Jarvis and the bad seeds


On n’aborde jamais un album sans avoir au moins une idée sur ses géniteurs/trices. Dans le cas qui nous occupe, c’est le retour d’une vieille connaissance et on a d’office un petit viatique de sympathie pour le bonhomme. Car au cours de la carrière tortueuse et variée de Pulp, ce songwriter d’exception nous a quand même valu de nombreux bons moments. Si c’est par le His and Hers daté de 1994 que je les avais découverts, reprendre leur discographie à rebrousse-poil m’avait fait tomber sur de petites pépites. Puis ce furent la consécration (Different Class), la pop moins immédiate (This Is Hardcore), voire carrément abstraite (We Love Life). Tout ceci pour dire que pour moi c’est une longue et belle histoire musicale. Si vous aimez les comparaisons au lance-pierre, Jarvis Cocker serait une sorte de Morrissey nineties. Les groupes supporteraient moins la comparaison, ayant connu leur apogée dans des contextes musicaux radicalement différents, une certaine explosion indie pour l’un, une éphémère vague britpop pour l’autre. Bon, c’est avec tout ceci en tête que j’aborde le second album solo de Jarvis Cocker.

Les premiers morceaux déroutent clairement. Aussi étrangement que ça puisse paraître, le rock circulaire de Further Complications aurait aussi certainement bien convenu à Iggy Pop. Le résultat n’aurait pas été identique certainement, mais on ne s’attendait pas à la voir éructer de la sorte. Alors quoi, Jarvis se serait-il mis au garage ? On se le demande encore sur Angela. Il semble prendre un malin plaisir à poser sa voix sur ces chansons rêches qui évoquent aussi une version adoucie des délires de Nick Cave avec Grinderman (Pilchard), mais, qui plus est, en instrumental. Déroutant, surtout sur un album d’un songwriter pur et dur. Comme figure tutélaire, on aurait mieux imaginé, disons, Scott Walker que le crooner crépusculaire des antipodes. Sans doute la production due à Steve Albini est-elle en partie responsable du résultat.

Cette impression un peu brute de décoffrage (tout est relatif évidemment, il n’en devient pas Jack White pour autant) se retrouvera plus tard sur Fuckingsong ou Caucasian Blues. Non moins intrigants sont les chœurs qui renvoient aux Australiens susmentionnés sur un Leftovers qui a le ton neutre qui prédominait sur We Love Life.

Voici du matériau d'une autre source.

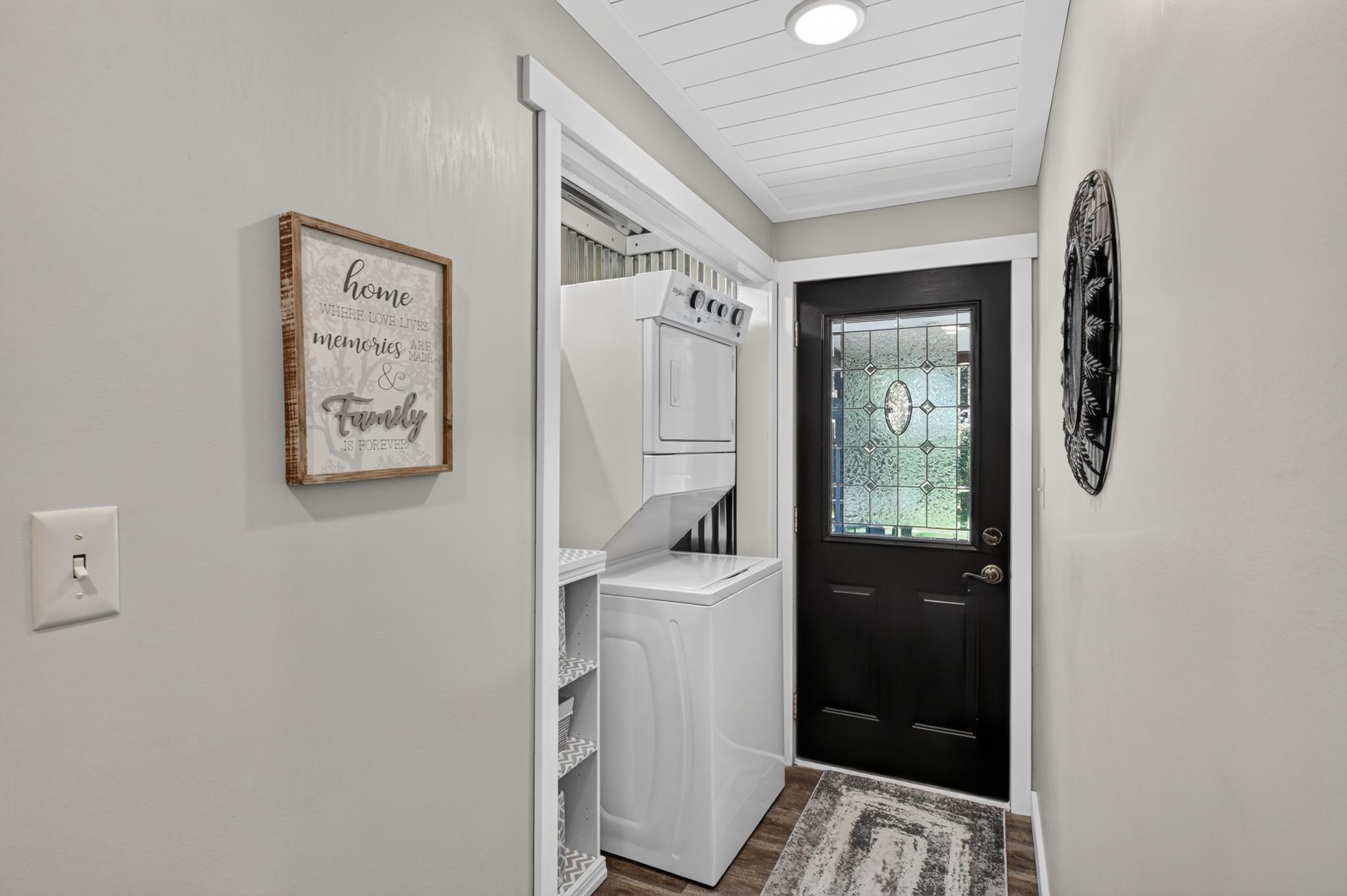 1962 single family home for sale at 471 Three Havens Drive NE in Alexandria, MN — 4 bed, 2 bath (photo 15 of 50)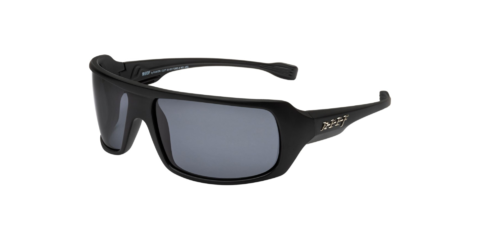 lentes de sol Reef
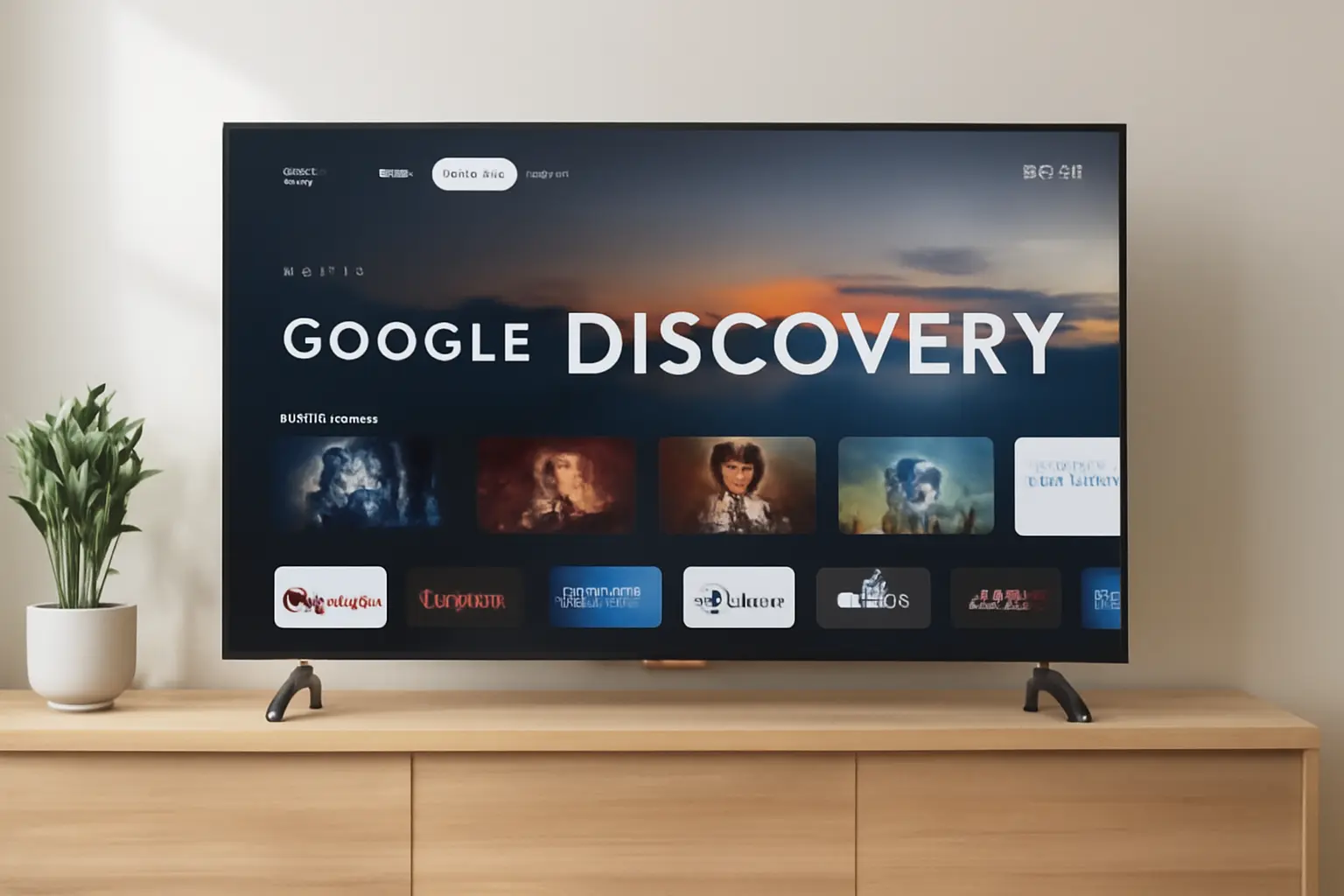 Principais 5 philco fast smart tv 58 4k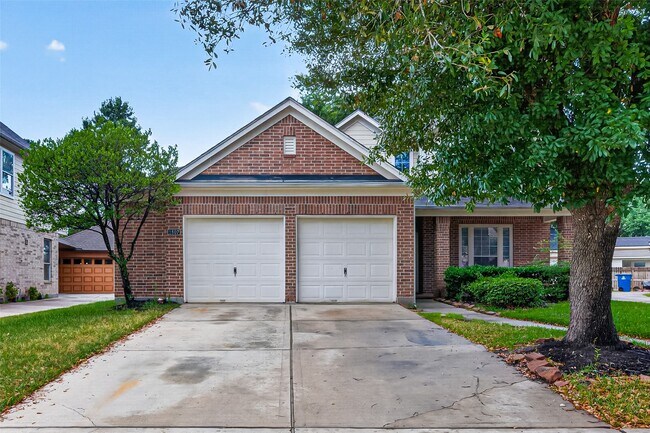 Photo - 1807 Katlyn Ln
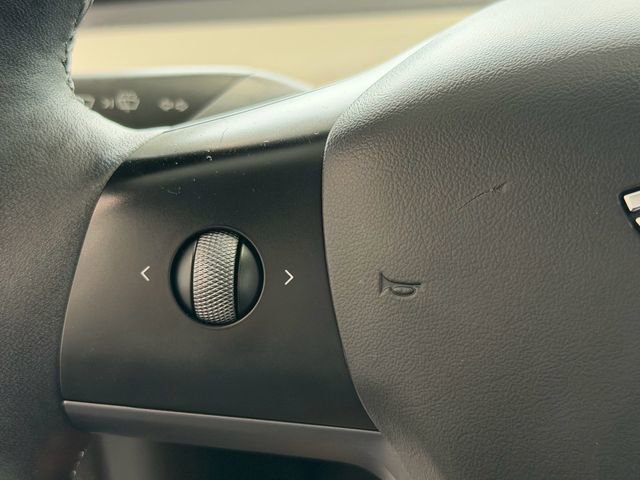 Used 2023 Tesla Model 3 Standard Range RWD image 20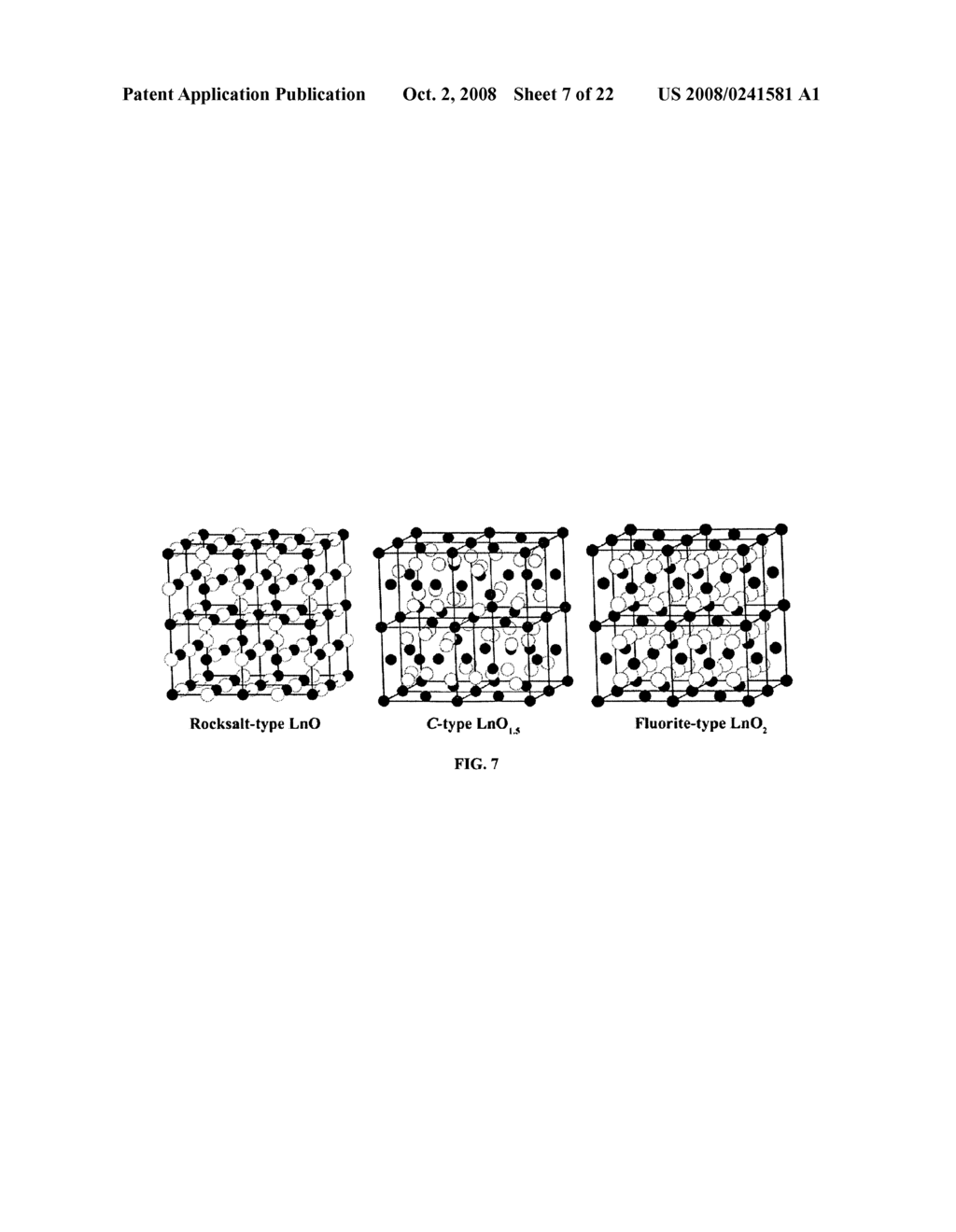 Epitaxial Layer Structures and Precursors for Topotactic Anion Exchange Oxide Films - diagram, schematic, and image 08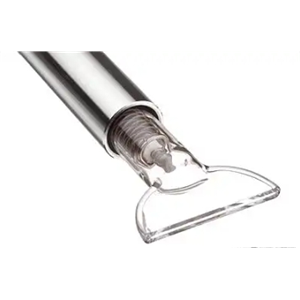 INFLIDGE英富丽SAH-1.5AS-100V-650W加热喷管青岛平山技研刘156-21198049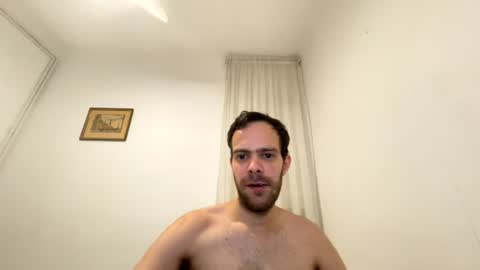 randomlordxd online show from 07-28-26, 04:39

Mais ces titres d’introduction ne doivent pas vous induire en erreur. Il y a un slow superbe (I Never Said I Was Deep) dans la grande tradition de ses décalages entre des paroles aussi directes que celles d’un Little Girl With Blue Eyes et un ton classieux qui sied à la sensualité de son chant. C’est pour moi le morceau qui m’a servi de porte d’entrée, celui que j’avais envie d’écouter et les autres sont venus naturellement. J’aime ce mélange de faux cynisme et de musique un peu sirupeuse comme plaisir coupable occasionnel. La classe du songwriting (tout est relatif quand on entend un I’m not looking for a relationship/Just a willing receptacle) sert de prétexte en béton de toute façon.

Etrange progression de cet album qui termine dans le funk fade (You’re In My Eyes). Intrinsèquement, c’est un peu sans intérêt, mais dans le contexte d’un album qui a balayé le garage sixties et les réminiscences brutes, c’est assez réussi comme contrepoint. Et puis, Cocker est sans doute le meilleur pour murmurer.

Cet album ne s’adresse pas en priorité aux fans de Pulp. Et malgré mon attachement au groupe de Sheffield, c’est très bien ainsi. Car le spectre musical est différent, de même que sa façon de chanter. Ce que je craignais de la part d’un album solo d’un auteur aussi fin, c’est une collection de bonnes chansons dans des atours passe-partout et entendus. Mais ce n’est aucunement le cas. En se risquant à un son plus brut, et rêche, il garde le cap tout l’album durant, même si le haut fait est dans un style plus conventionnel.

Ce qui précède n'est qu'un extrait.